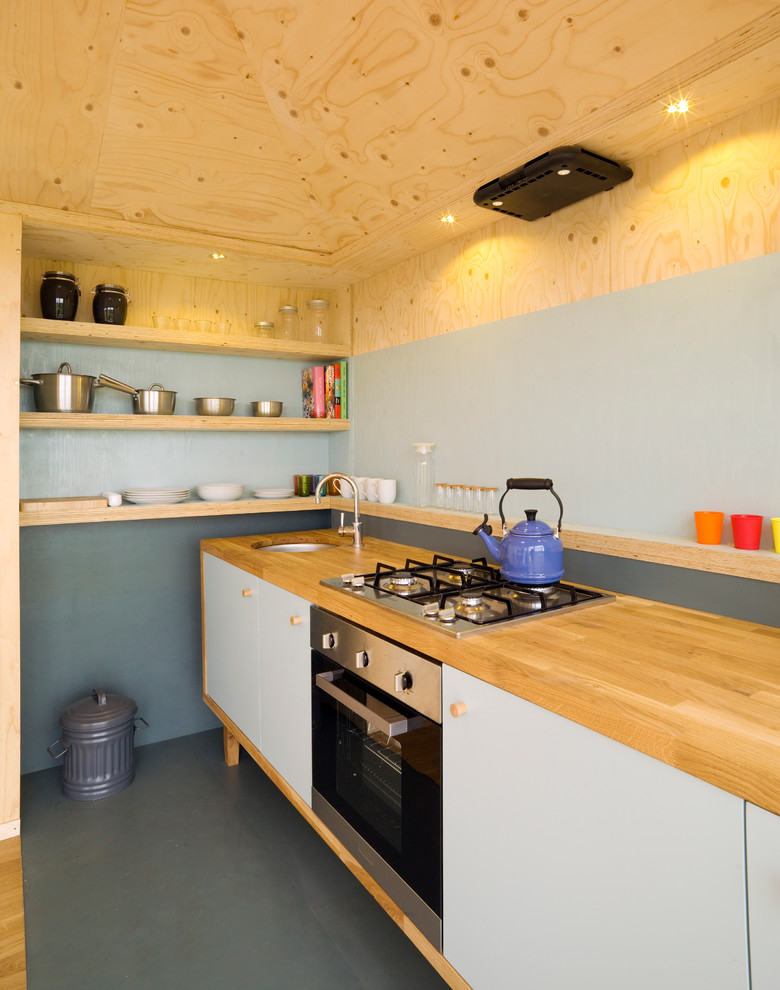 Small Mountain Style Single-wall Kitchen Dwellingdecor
::::::::::
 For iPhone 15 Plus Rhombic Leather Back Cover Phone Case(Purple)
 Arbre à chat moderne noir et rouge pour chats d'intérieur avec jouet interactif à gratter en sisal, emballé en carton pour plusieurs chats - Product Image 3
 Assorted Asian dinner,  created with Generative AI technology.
::::::::::
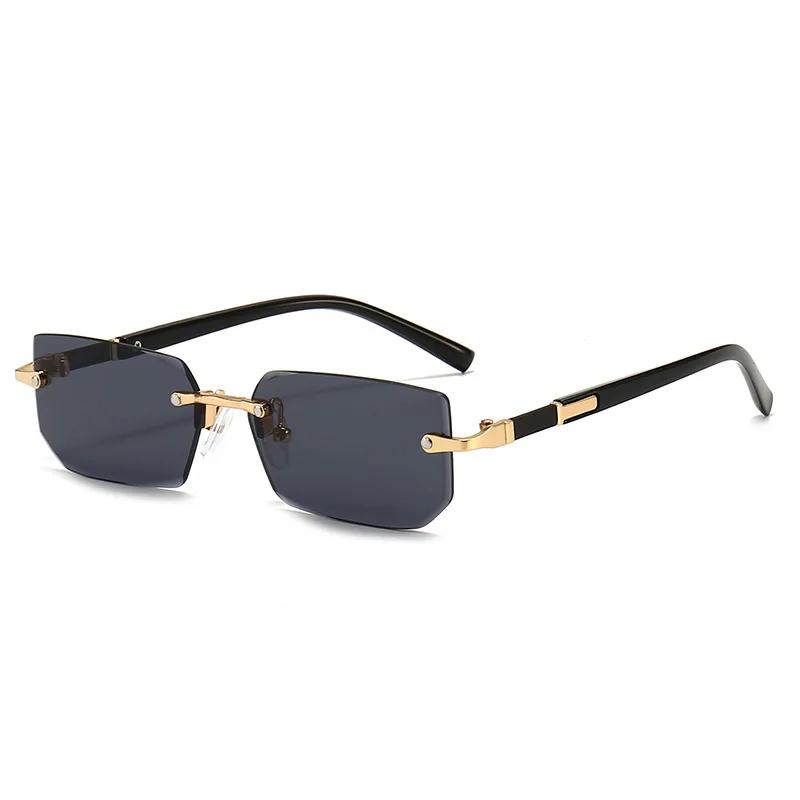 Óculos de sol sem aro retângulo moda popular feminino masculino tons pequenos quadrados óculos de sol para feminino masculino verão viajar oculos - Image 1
::::::::::
**Problem**:
Write down exactly the span of lines above from the one containing "For iPhone 15" to the one containing "Generative AI technology.", both ends included.

**Solution to the exercise**:
 For iPhone 15 Plus Rhombic Leather Back Cover Phone Case(Purple)
 Arbre à chat moderne noir et rouge pour chats d'intérieur avec jouet interactif à gratter en sisal, emballé en carton pour plusieurs chats - Product Image 3
 Assorted Asian dinner,  created with Generative AI technology.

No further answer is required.